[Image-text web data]
+ + +

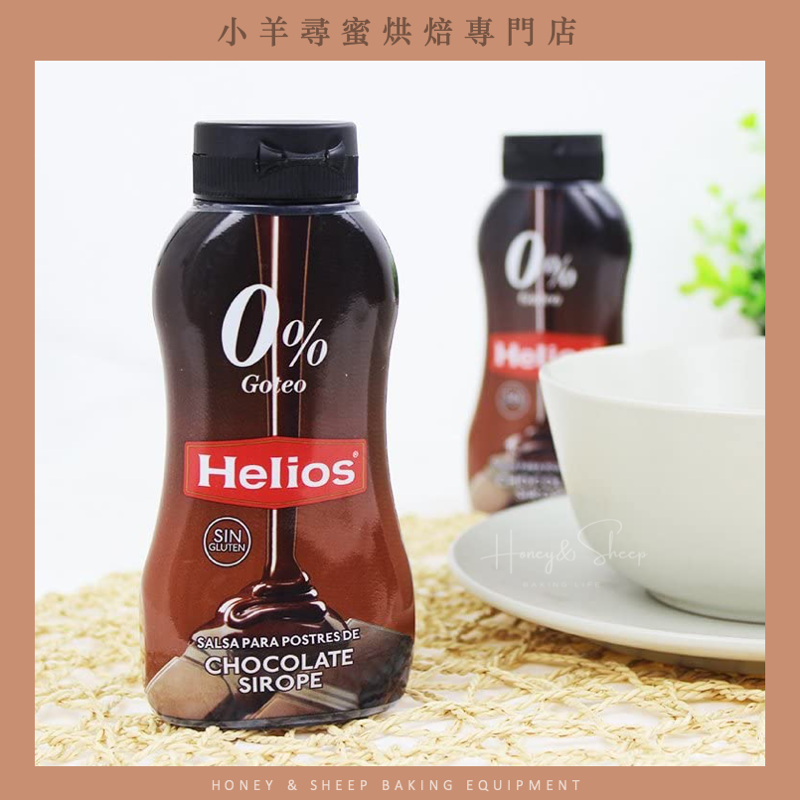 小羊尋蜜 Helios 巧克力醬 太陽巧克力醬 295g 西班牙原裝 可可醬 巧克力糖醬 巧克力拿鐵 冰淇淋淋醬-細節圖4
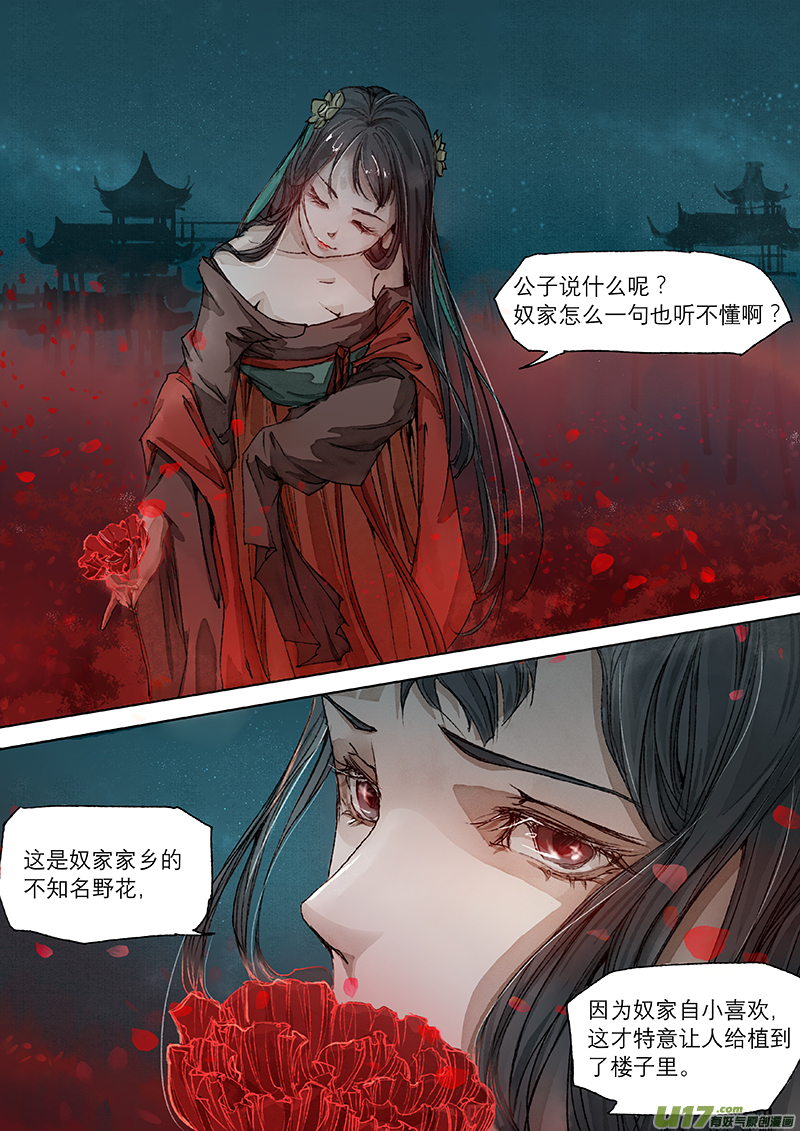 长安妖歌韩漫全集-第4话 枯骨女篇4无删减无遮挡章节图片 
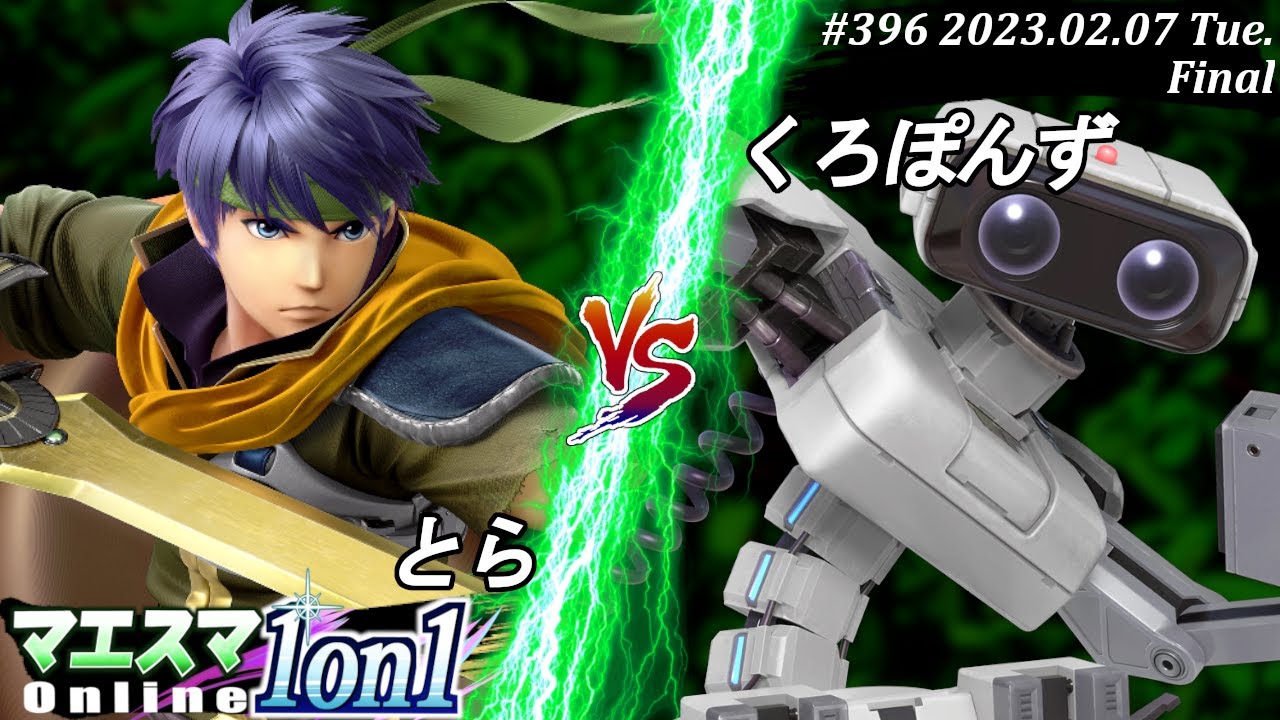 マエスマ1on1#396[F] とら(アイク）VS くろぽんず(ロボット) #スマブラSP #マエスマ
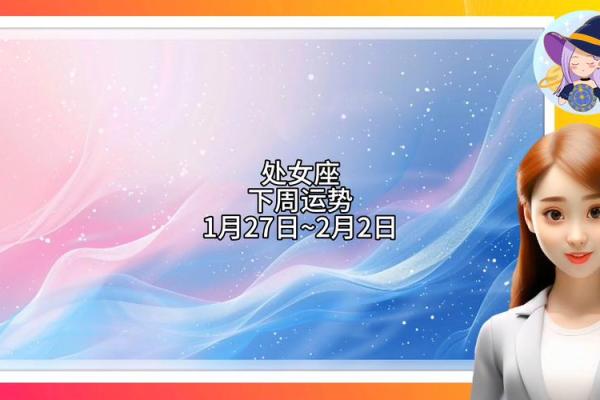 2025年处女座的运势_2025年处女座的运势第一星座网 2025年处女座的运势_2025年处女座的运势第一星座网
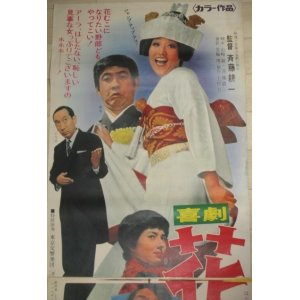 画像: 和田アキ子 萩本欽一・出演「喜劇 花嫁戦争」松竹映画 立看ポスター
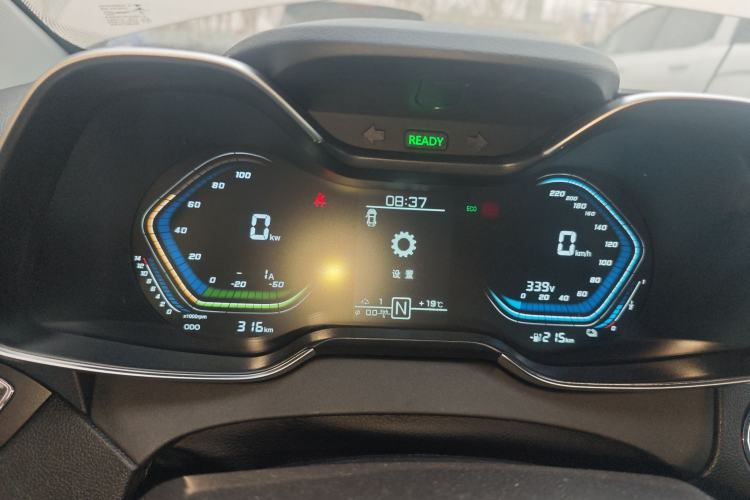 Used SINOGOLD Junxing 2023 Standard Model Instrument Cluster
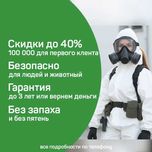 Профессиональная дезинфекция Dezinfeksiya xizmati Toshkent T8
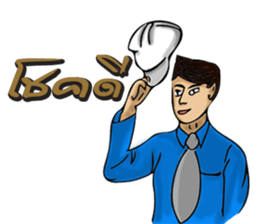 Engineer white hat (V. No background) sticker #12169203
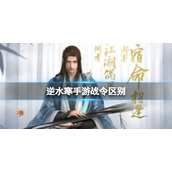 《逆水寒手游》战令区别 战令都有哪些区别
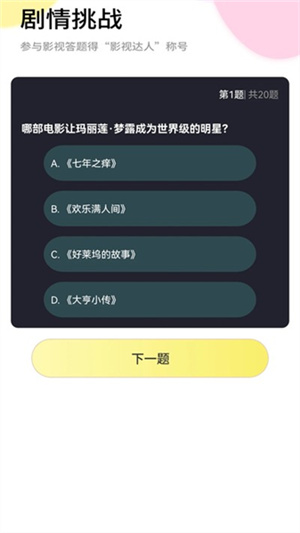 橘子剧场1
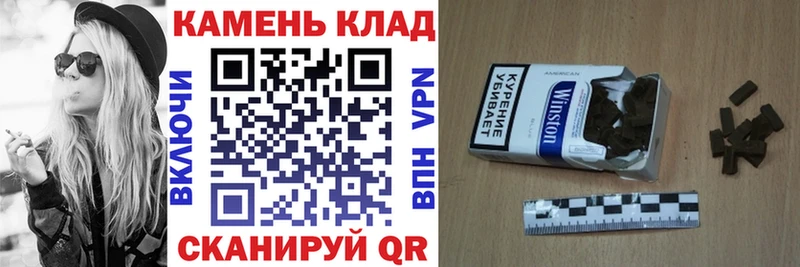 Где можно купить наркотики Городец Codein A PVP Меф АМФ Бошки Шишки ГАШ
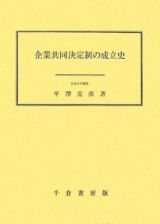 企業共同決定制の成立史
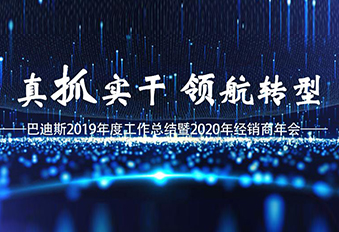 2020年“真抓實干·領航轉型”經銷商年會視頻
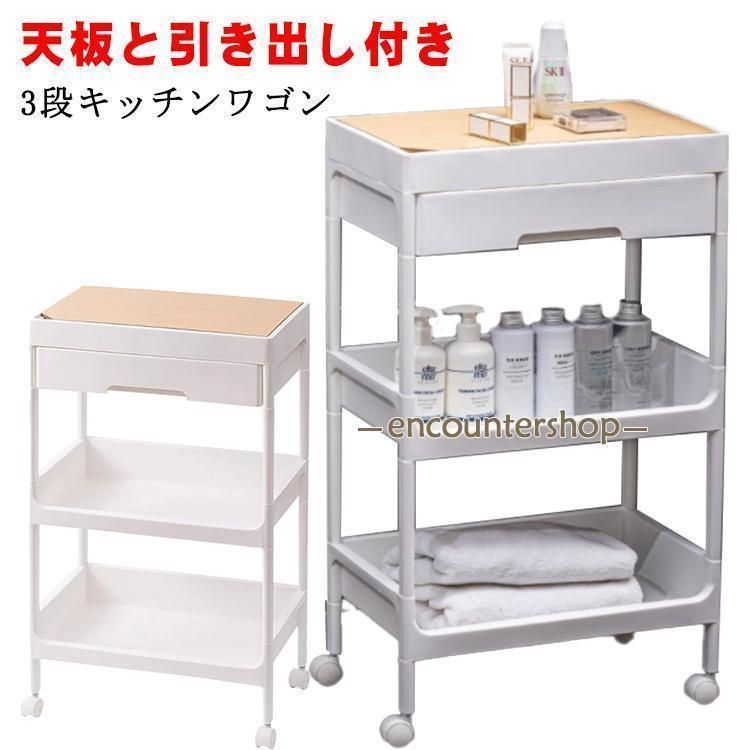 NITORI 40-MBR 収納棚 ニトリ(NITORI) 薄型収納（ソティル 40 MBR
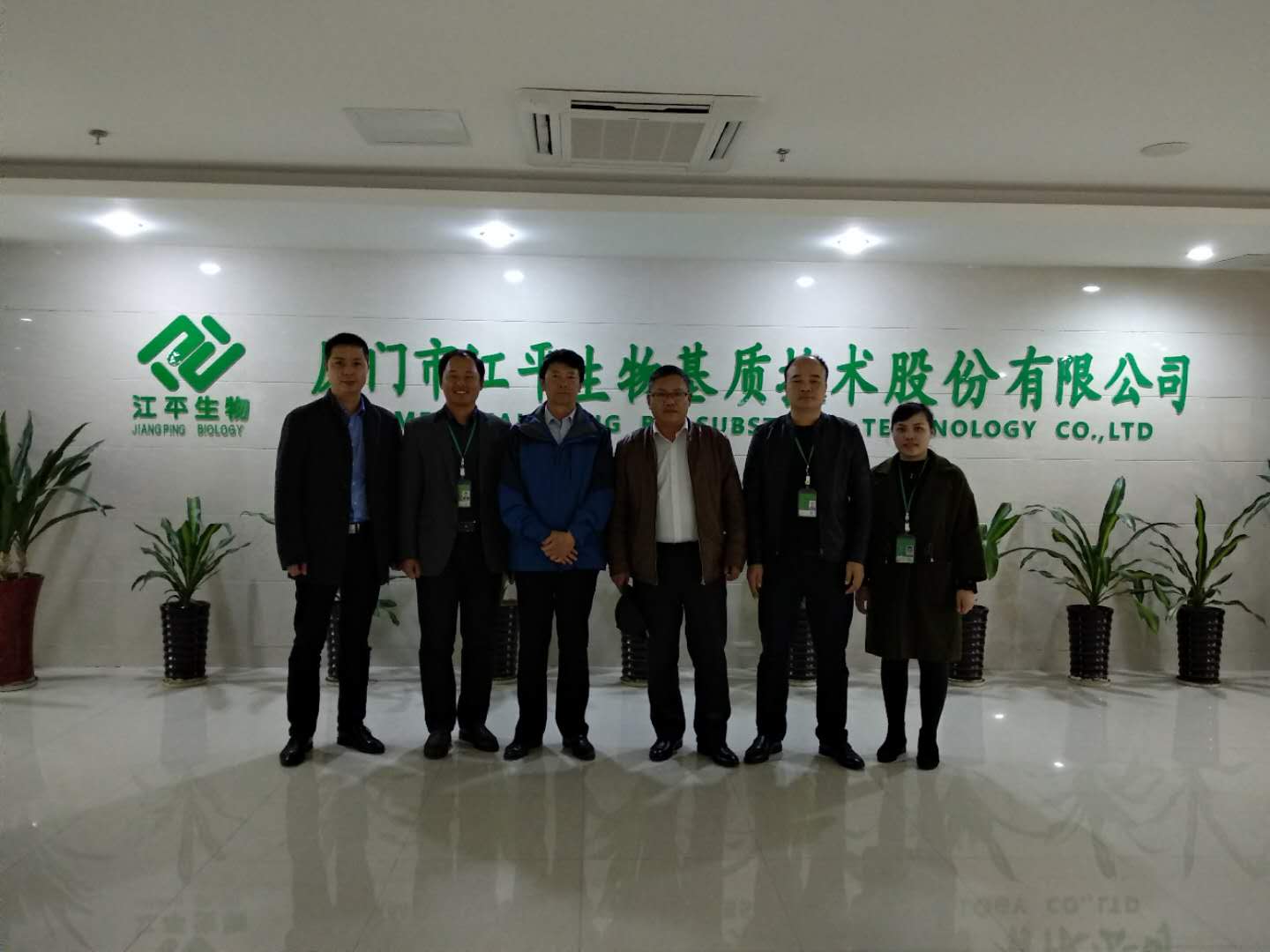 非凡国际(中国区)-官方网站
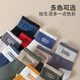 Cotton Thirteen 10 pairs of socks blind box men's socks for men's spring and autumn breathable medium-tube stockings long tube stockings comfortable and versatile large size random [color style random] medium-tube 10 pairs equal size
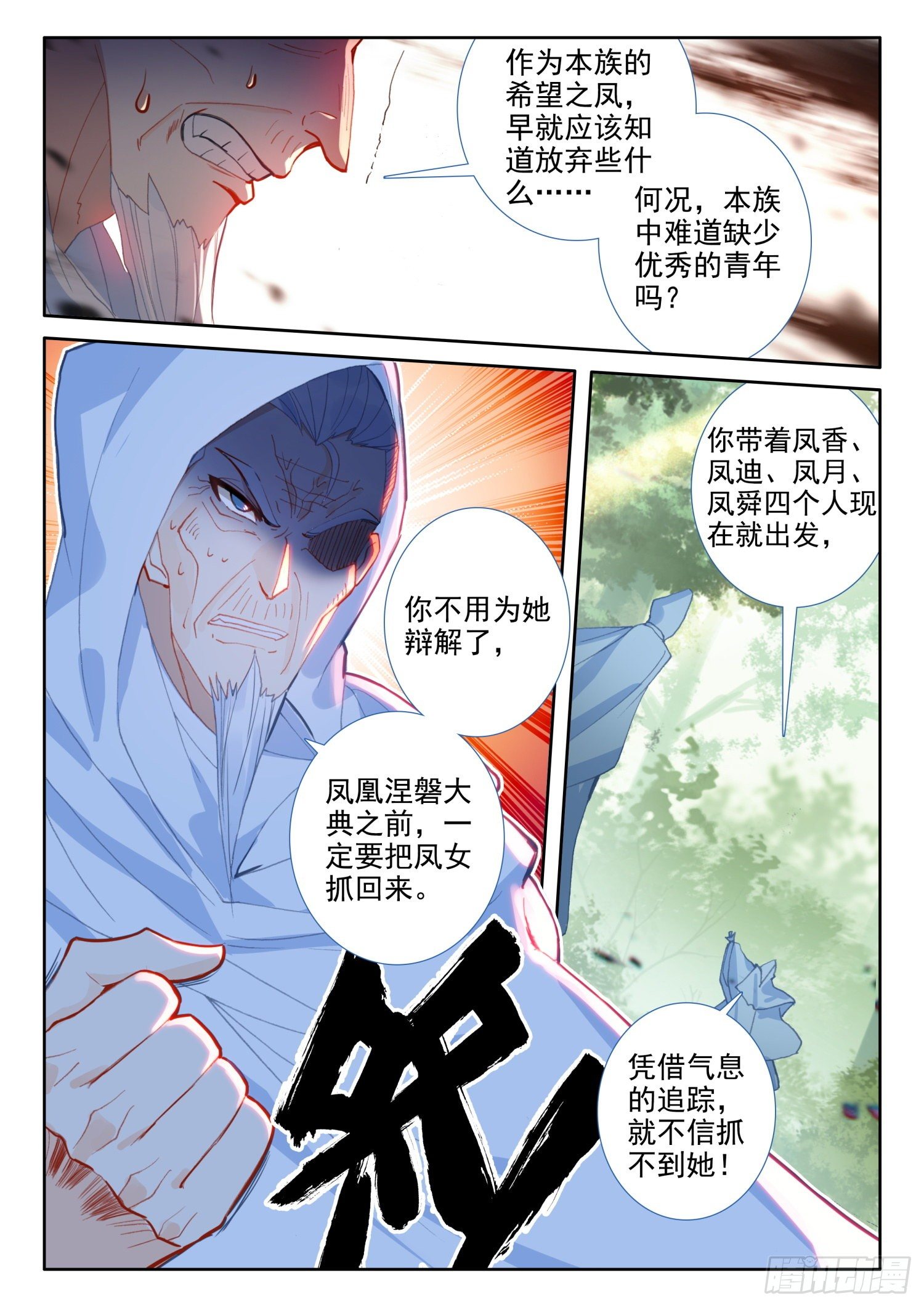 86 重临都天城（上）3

+ + +

# Description of the task:
The records above should be reproduced exactly, with no pictures included.

# Written response:
 小羊尋蜜 Helios 巧克力醬 太陽巧克力醬 295g 西班牙原裝 可可醬 巧克力糖醬 巧克力拿鐵 冰淇淋淋醬-細節圖4
 长安妖歌韩漫全集-第4话 枯骨女篇4无删减无遮挡章节图片 
 マエスマ1on1#396[F] とら(アイク）VS くろぽんず(ロボット) #スマブラSP #マエスマ
 2025年处女座的运势_2025年处女座的运势第一星座网 2025年处女座的运势_2025年处女座的运势第一星座网
 画像: 和田アキ子 萩本欽一・出演「喜劇 花嫁戦争」松竹映画 立看ポスター
 Used SINOGOLD Junxing 2023 Standard Model Instrument Cluster
 Профессиональная дезинфекция Dezinfeksiya xizmati Toshkent T8
 Engineer white hat (V. No background) sticker #12169203
 《逆水寒手游》战令区别 战令都有哪些区别
 橘子剧场1
 Где можно купить наркотики Городец Codein A PVP Меф АМФ Бошки Шишки ГАШ
 企業共同決定制の成立史
 2020年“真抓實干·領航轉型”經銷商年會視頻
 NITORI 40-MBR 収納棚 ニトリ(NITORI) 薄型収納（ソティル 40 MBR
 非凡国际(中国区)-官方网站
 Cotton Thirteen 10 pairs of socks blind box men's socks for men's spring and autumn breathable medium-tube stockings long tube stockings comfortable and versatile large size random [color style random] medium-tube 10 pairs equal size
 86 重临都天城（上）3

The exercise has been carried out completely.